(Brief descriptive captions)
== Segment start ==

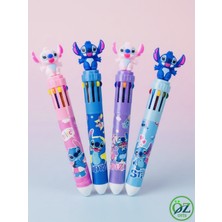 ÖZ OFİS Stitch Figürlü 10 Renkli Çoklu Tükenmez Kalem - Tekli (118)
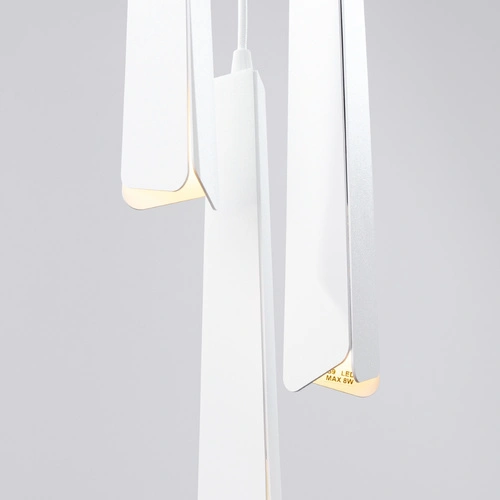 Lampa wisząca PRYSM 3P biała skandynawska 3-punktowa do salonu i nad wyspę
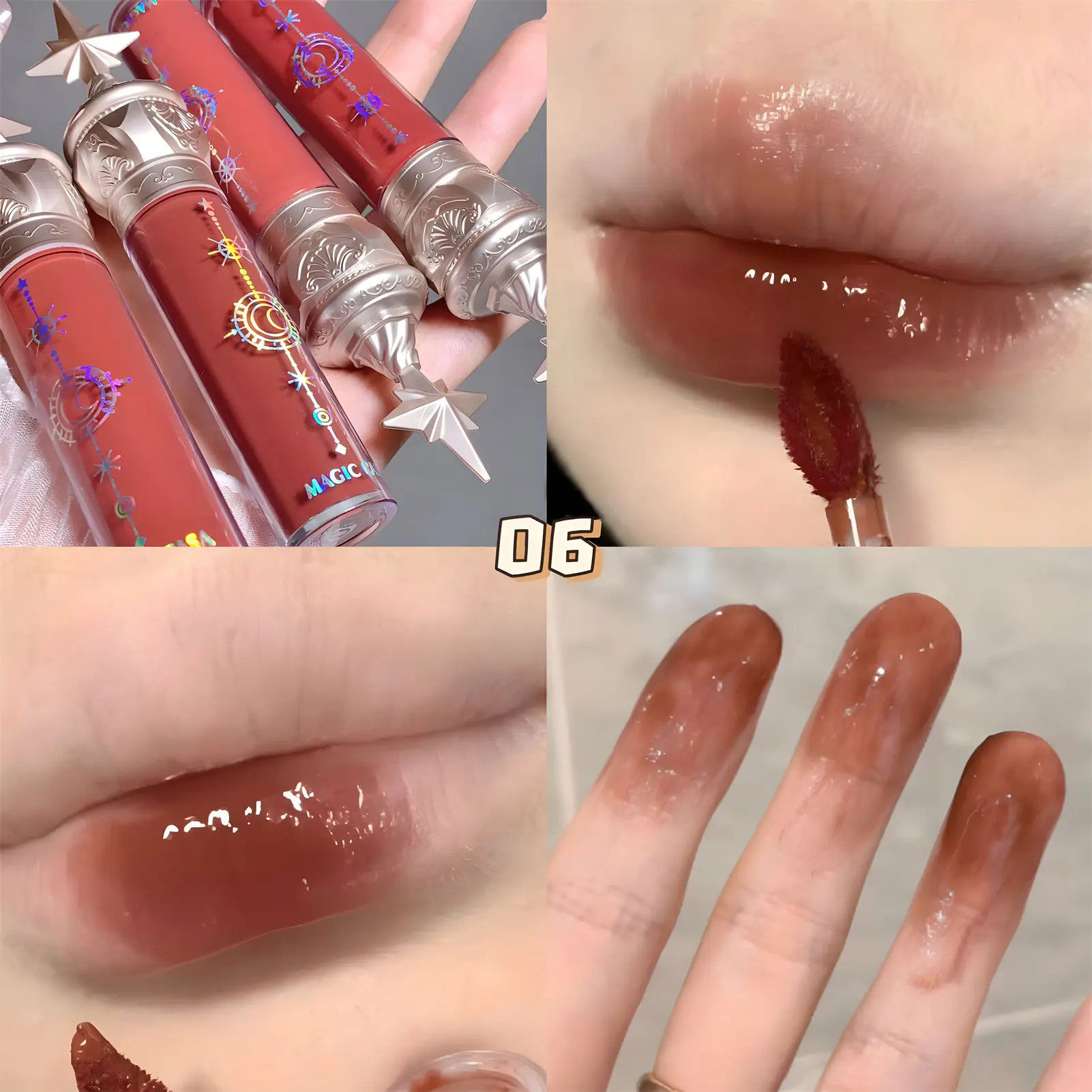 3pcs Natural-Looking Mirror Lip Gloss Moisturizing Full Coverage Revitalizing for Women Girls Cosmetic Supplies EIG88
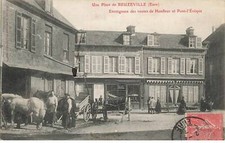 27 BEUZEVILLE #MK53805 CORNER OF HONFLEUR ROADS AND BRIDGE L EVEQUE MARE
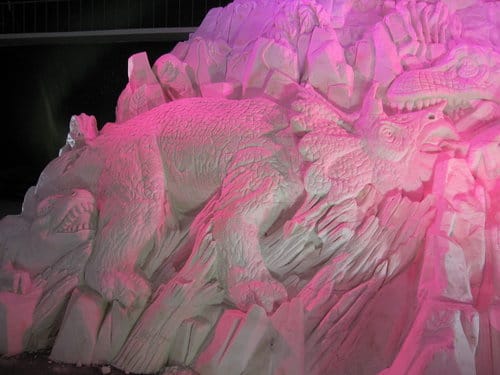 七股鹽山.台灣鹽博物館『一見雙雕藝術季』 雪白的鹽雕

== Segment end ==

Keep every word of the records above exactly, and return them with no pictures.

EXERCISE RESULT:
 ÖZ OFİS Stitch Figürlü 10 Renkli Çoklu Tükenmez Kalem - Tekli (118)
 Lampa wisząca PRYSM 3P biała skandynawska 3-punktowa do salonu i nad wyspę
 3pcs Natural-Looking Mirror Lip Gloss Moisturizing Full Coverage Revitalizing for Women Girls Cosmetic Supplies EIG88
 27 BEUZEVILLE #MK53805 CORNER OF HONFLEUR ROADS AND BRIDGE L EVEQUE MARE
 七股鹽山.台灣鹽博物館『一見雙雕藝術季』 雪白的鹽雕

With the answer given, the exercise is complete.